Randy R. Richardson, Chair
All humans possess the gift of language, and true comprehension of this fundamental aspect of ourselves is not easily achieved by the monolingual. Greatly enhanced understanding of ourselves – our thought processes, our linguistic abilities, our culture – and of those who are unlike us comes through the study of another language. We are richer, more capable persons if we develop the ability to understand and communicate with those in another linguistic and cultural setting. We are better prepared to understand the world and to respond to life’s changing opportunities if we break free from some of the limitations that ethnocentricity and monolingualism tend to impose on any people. The Scriptures, classical texts, and modern works of literature and thought are better understood in the original language and with knowledge of the cultures that produced them. Living cultures and individuals are better understood, and closer relations are established if the language barrier is down.
Modern transportation and communication technologies are bringing the world to us and taking us to the world. International business, scholarship, travel, government work, missionary activity, Christian and other organizations, all bring us into contact with speakers of other languages. Today’s instant communication bring to us the documents of the world – past and present – and offer us the possibility of real-time contact with individuals we would never have encountered in the past.

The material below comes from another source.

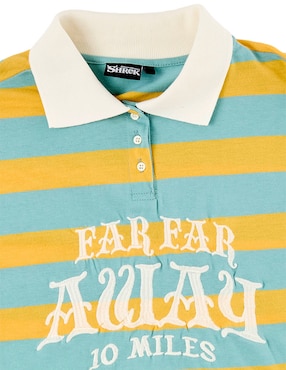 Playera manga corta Shrek cuello polo para mujer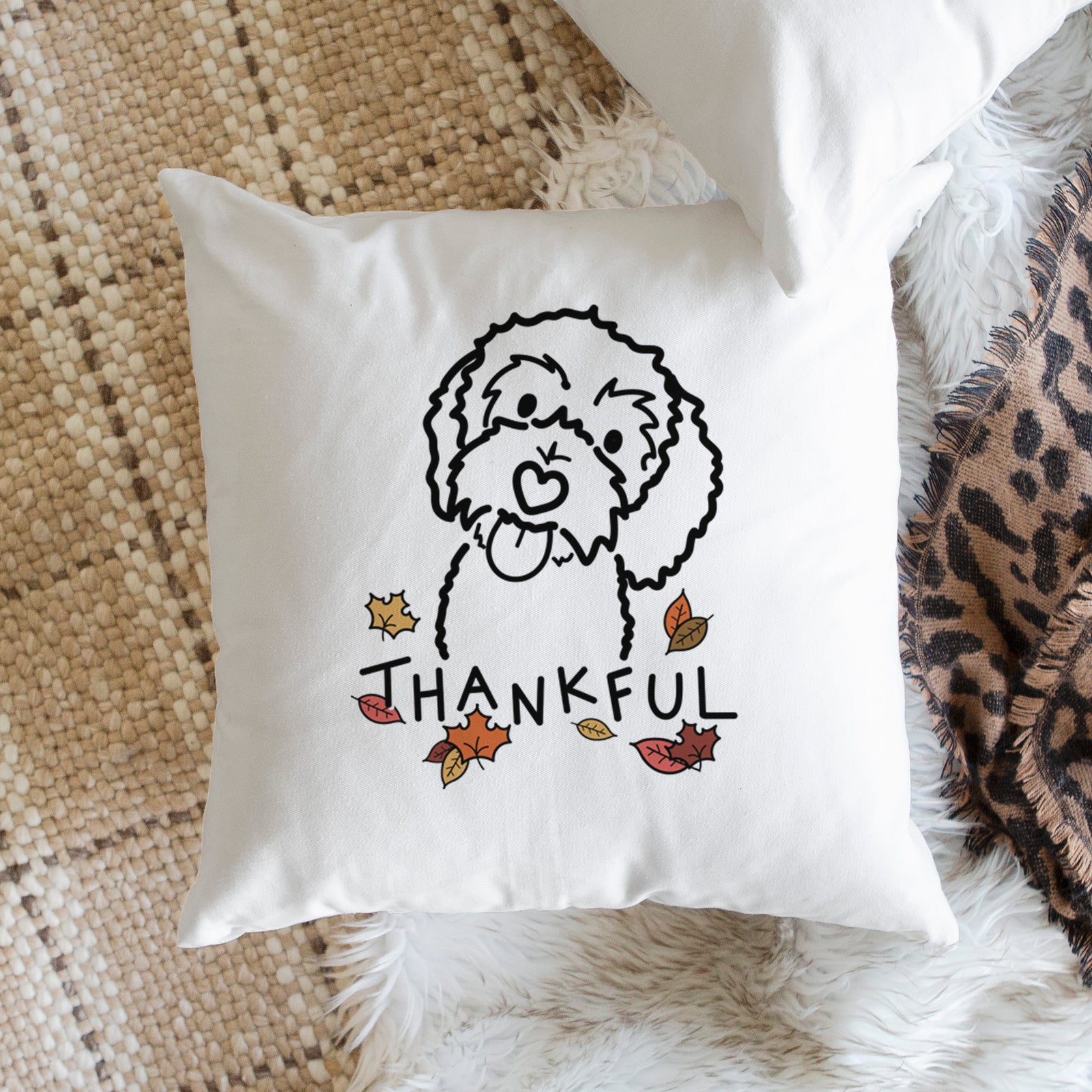 Love Always Bernedoodle - Mabel - Throw Pillow Cover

In light of these facts, Asbury University maintains its commitment to foreign language study as a vital part of a liberal arts education. The Ancient & Modern Language Department offers six languages which may be used to fulfill the core foreign language requirement: Chinese, French, Greek, Hebrew, Latin and Spanish. We offer majors in Ancient Languages and Spanish. There are teaching majors in French, Latin, and Spanish, and students may minor in Biblical Languages, Classical Languages, French, Greek, Latin, and Spanish. These programs offer opportunities for students to acquire practical language skills, scholarly tools, and understanding of the literatures, cultures, and linguistic distinctives of the languages studied.
Note: Students are advised to take a foreign language in high school. New students are expected to take the college administered language placement test during Welcome Week. Students completing two years of a high school foreign language with a grade of ‘C’ generally place into 102. Students completing three years of a high school foreign language with a grade of ‘C’ generally place into 201.